■ Directions for this task
Output nothing except the lines from the one containing "At an Occupy" through the final line of the data, both included, typed exactly, minus the pictures.

[[ Source material, beginning ]]

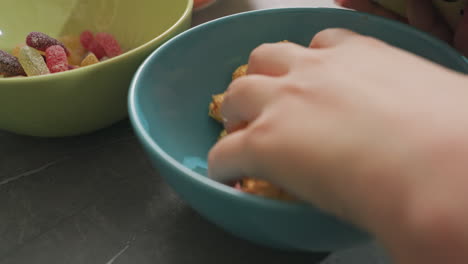 close hand view of person taking flavored popcorn from blue bowl on dark surface with green bowl filled with colorful candy in background, snack time scene with vivid colors and textures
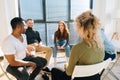 Portrait of cheerful young redhead businesswoman talking and discussing new ideas with creative business team Royalty Free Stock Photo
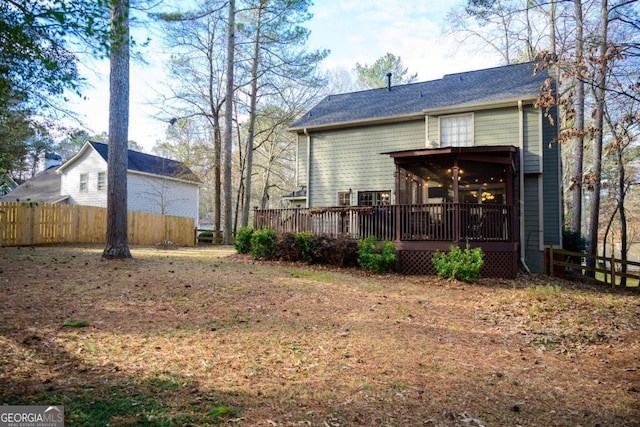 back of house featuring a wooden deck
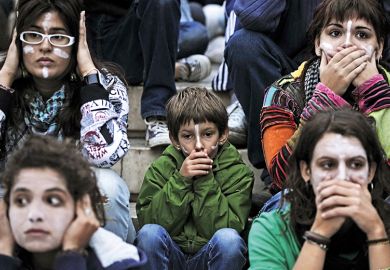 At an Occupy protest, people cover their mouths and ears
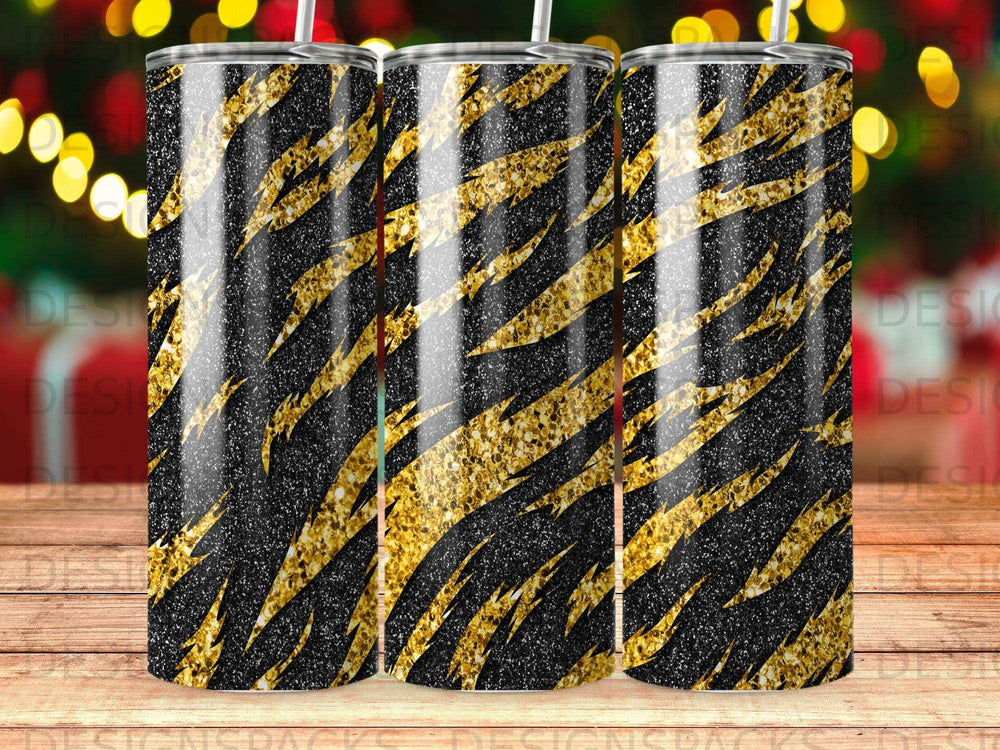 Black tumbler with gold glitter tiger stripes.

[[ Source material, end ]]

■ Finished exercise
 At an Occupy protest, people cover their mouths and ears
 Black tumbler with gold glitter tiger stripes.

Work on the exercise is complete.